Uniform Partnership Act
The National Conference of Commissioners on Uniform State Laws has drafted a uniform set of laws designed to govern all partnerships in the United States. Uniform laws aim to facilitate business relationships across state borders; the Uniform Partnership Act of 1997 has been incorporated into the laws of many states. Otherwise, a state may have its own regulations.
Responsibilities and Liabilities
Unless the partnership agreement states otherwise, each partner takes responsibility for managing the business and can bind the other partners by signing legal documents in the partnership name. General partnership laws state that each partner is also equally responsible for all the debts of the partnership. This means that if the partnership owes money to another business that business can sue each of the partners individually for the full sum owed.

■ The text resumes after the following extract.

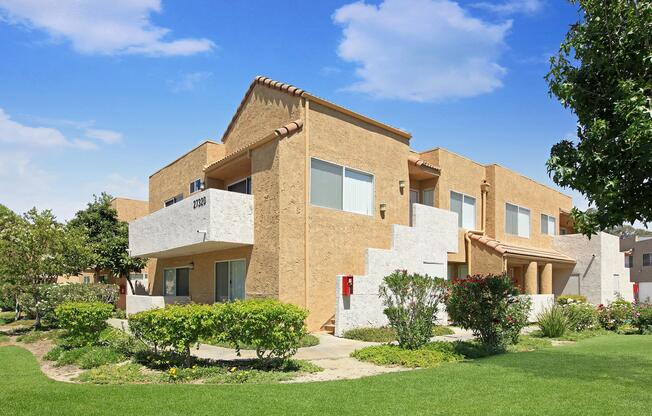 A two-story apartment building with a light beige exterior and white accents. The structure features a tiled roof, large windows, and landscaped greenery around it, including shrubs and small trees. The sky is bright blue with a few clouds, creating a cheerful atmosphere.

Most states require a partnership to register its business with the relevant authorities. If the partnership takes a name other than the names of the partners, it must also register the name with the secretary of state. No partnership may adopt a name that is already in use by or very similar to that of another business entity in the state.
Partners generally resolve disputes by calling a meeting and formally recording a vote. By default, each partner has an equal vote, but the partnership agreement may state that certain partners’ votes carry a greater weight than others, for example if they have contributed a greater sum to the business. If a dispute cannot be resolved by means of a vote, the partners always have the option of dissolving the partnership.
A partnership does not pay tax; instead, each partner pays tax on his share of the income generated by the business. The IRS requires each partnership to file an information return to list the income, profits and losses. Depending on the location of the business, a partnership may also have to file information returns with the relevant state tax authorities.